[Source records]
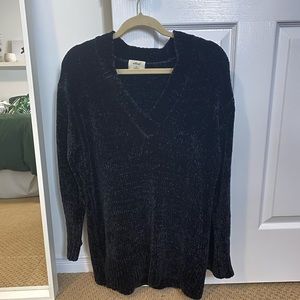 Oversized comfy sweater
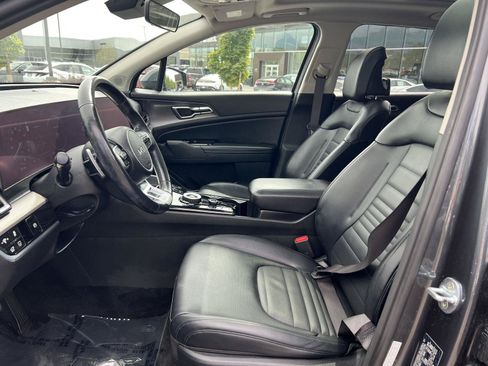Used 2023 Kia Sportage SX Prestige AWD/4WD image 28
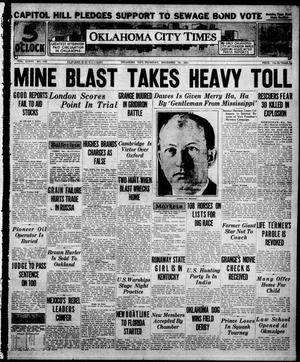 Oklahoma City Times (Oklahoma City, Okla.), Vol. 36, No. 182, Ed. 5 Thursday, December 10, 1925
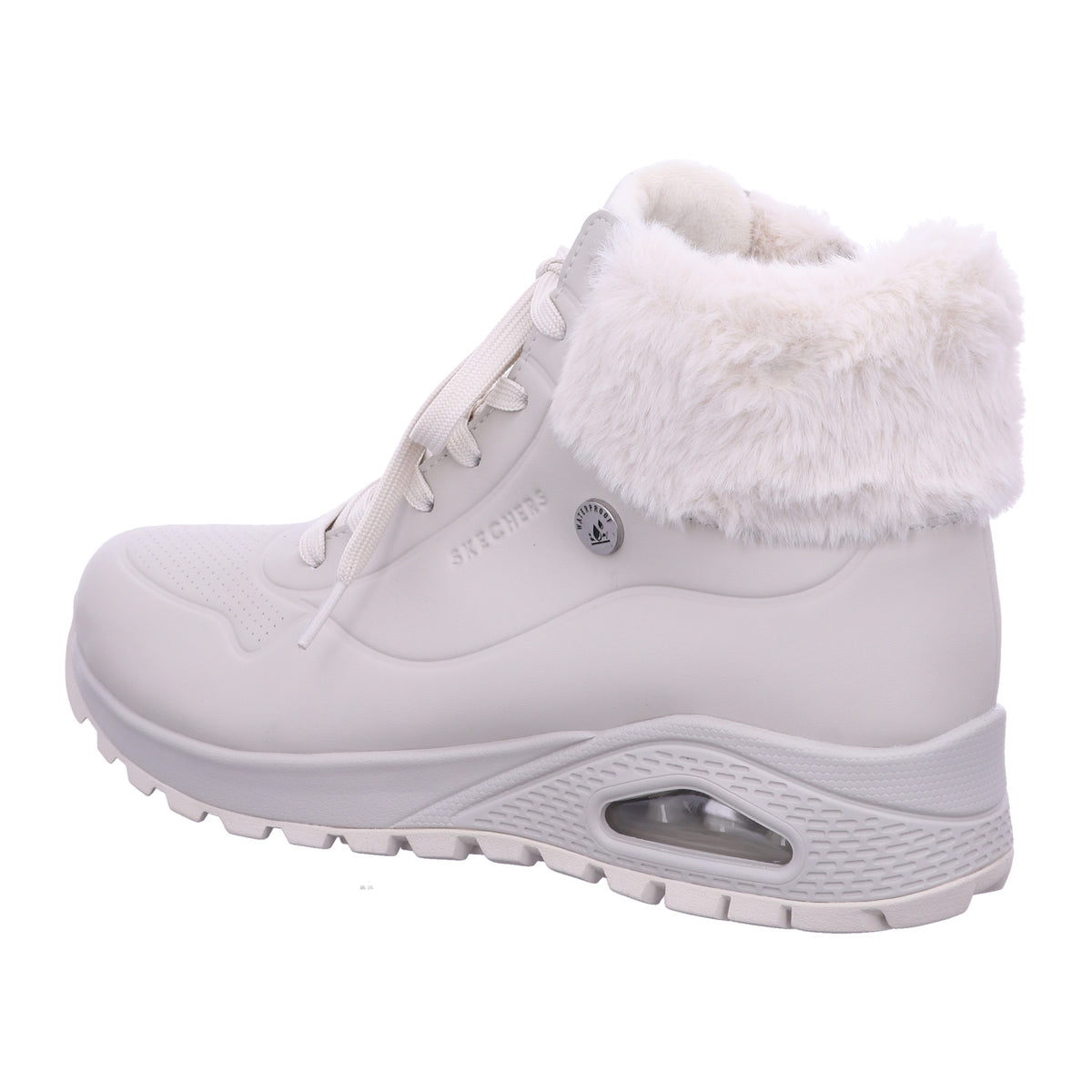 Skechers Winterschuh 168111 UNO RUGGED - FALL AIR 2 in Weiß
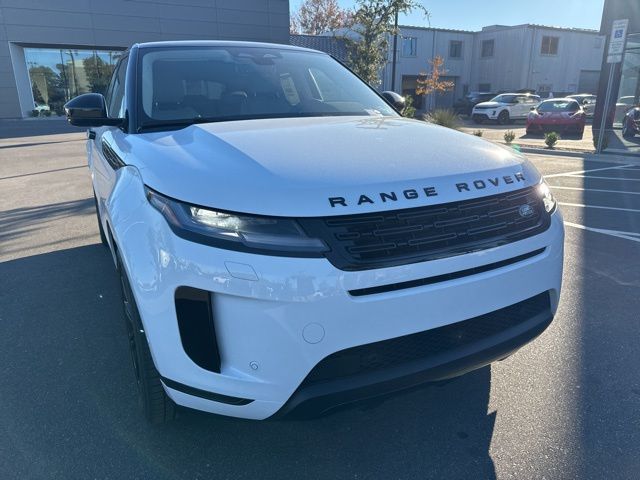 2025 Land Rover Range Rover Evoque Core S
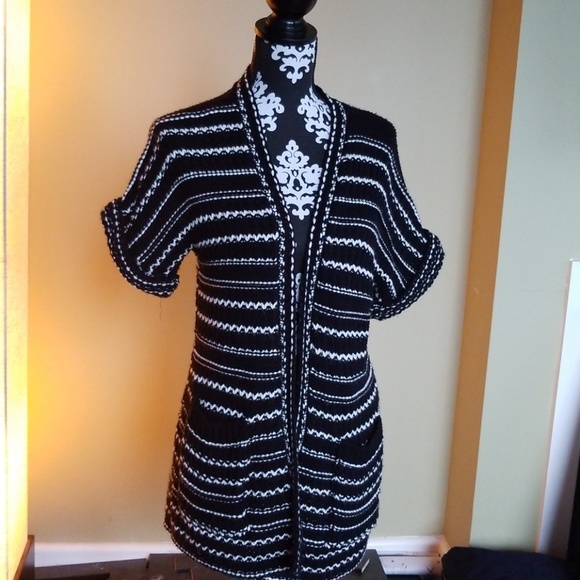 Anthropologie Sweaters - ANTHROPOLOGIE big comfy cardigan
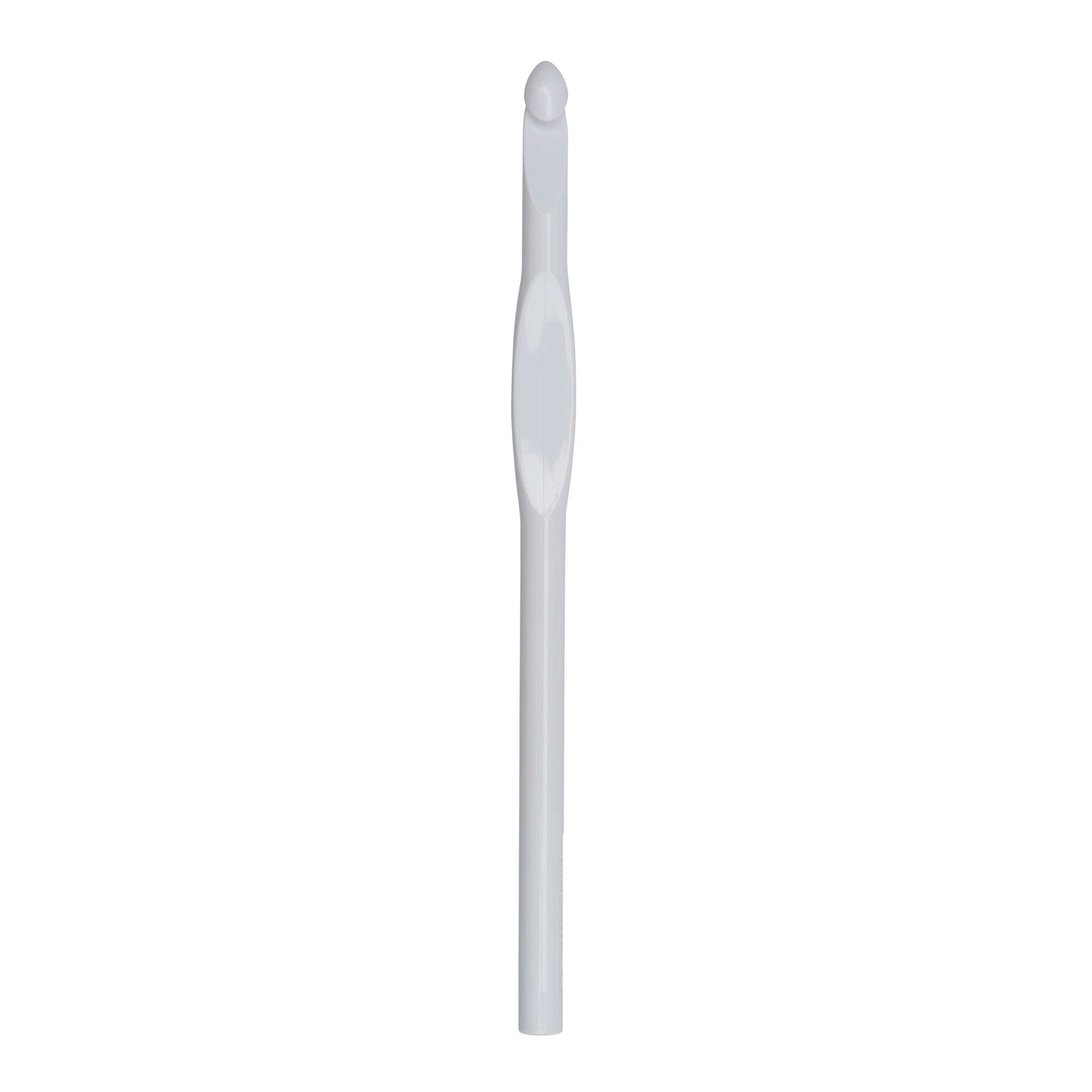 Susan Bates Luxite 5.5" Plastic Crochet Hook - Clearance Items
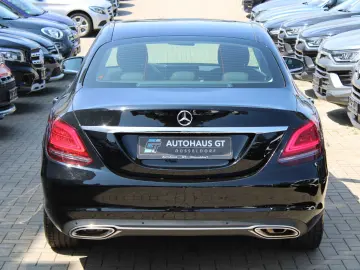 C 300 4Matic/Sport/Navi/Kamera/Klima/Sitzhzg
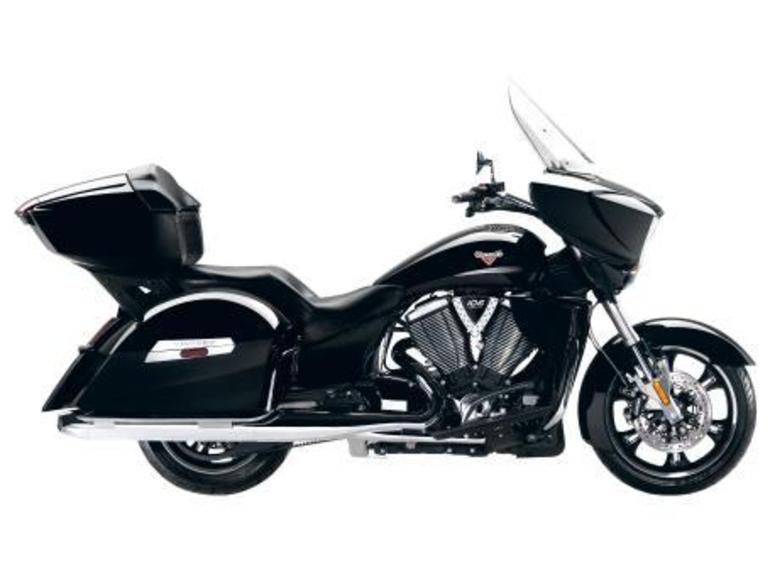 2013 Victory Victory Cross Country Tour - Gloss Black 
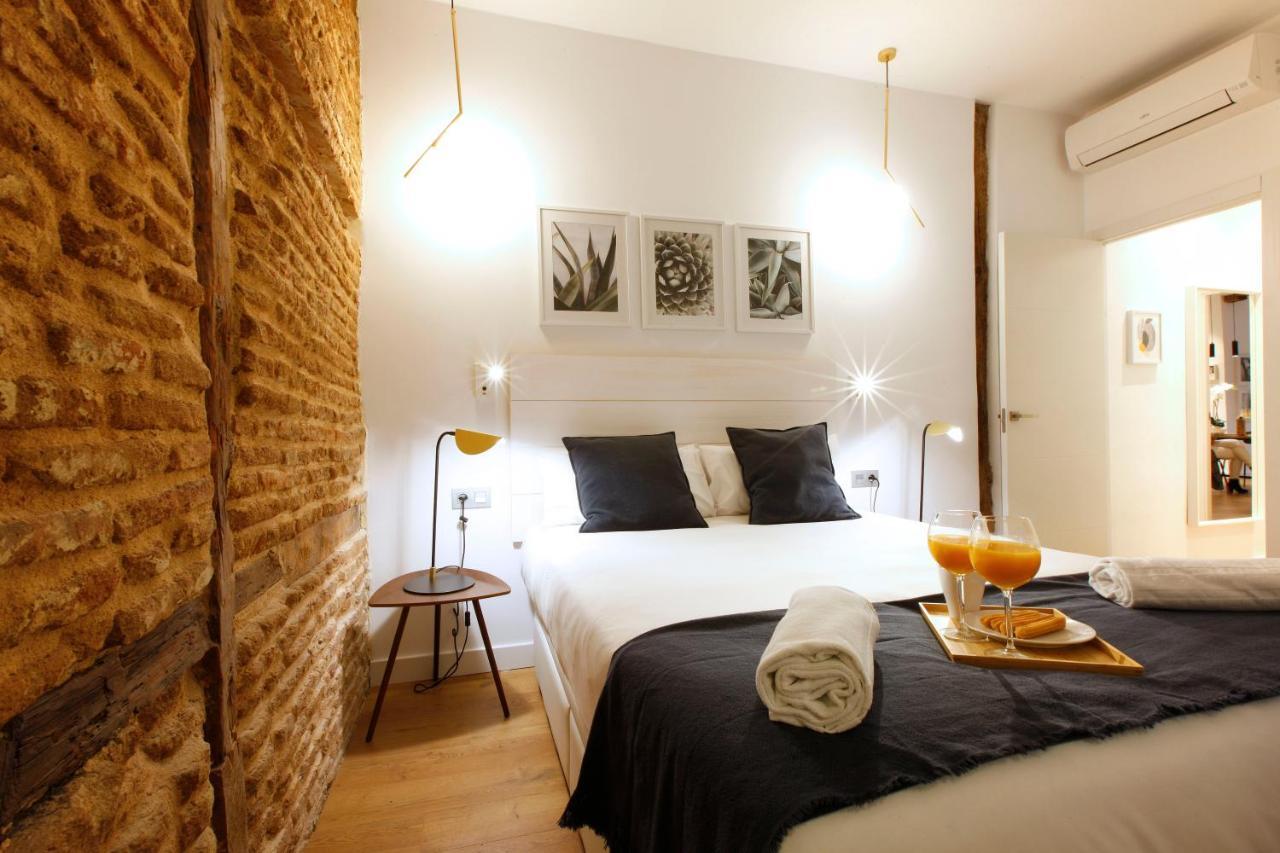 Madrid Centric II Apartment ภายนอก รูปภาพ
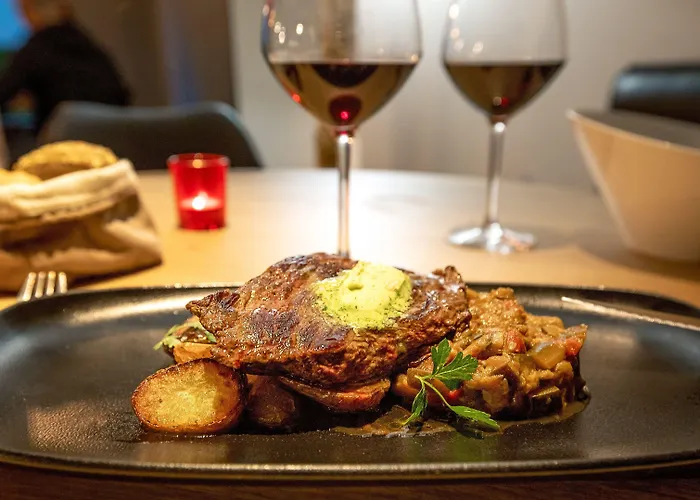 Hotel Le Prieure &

## Aim of the task
Although the records contain pictures, restate them word for word with those pictures left out.

## Reply to the task
 Oversized comfy sweater
Used 2023 Kia Sportage SX Prestige AWD/4WD image 28
 Oklahoma City Times (Oklahoma City, Okla.), Vol. 36, No. 182, Ed. 5 Thursday, December 10, 1925
 Skechers Winterschuh 168111 UNO RUGGED - FALL AIR 2 in Weiß
 2025 Land Rover Range Rover Evoque Core S
 Anthropologie Sweaters - ANTHROPOLOGIE big comfy cardigan
 Susan Bates Luxite 5.5" Plastic Crochet Hook - Clearance Items
 C 300 4Matic/Sport/Navi/Kamera/Klima/Sitzhzg
 2013 Victory Victory Cross Country Tour - Gloss Black 
 Madrid Centric II Apartment ภายนอก รูปภาพ
 Hotel Le Prieure &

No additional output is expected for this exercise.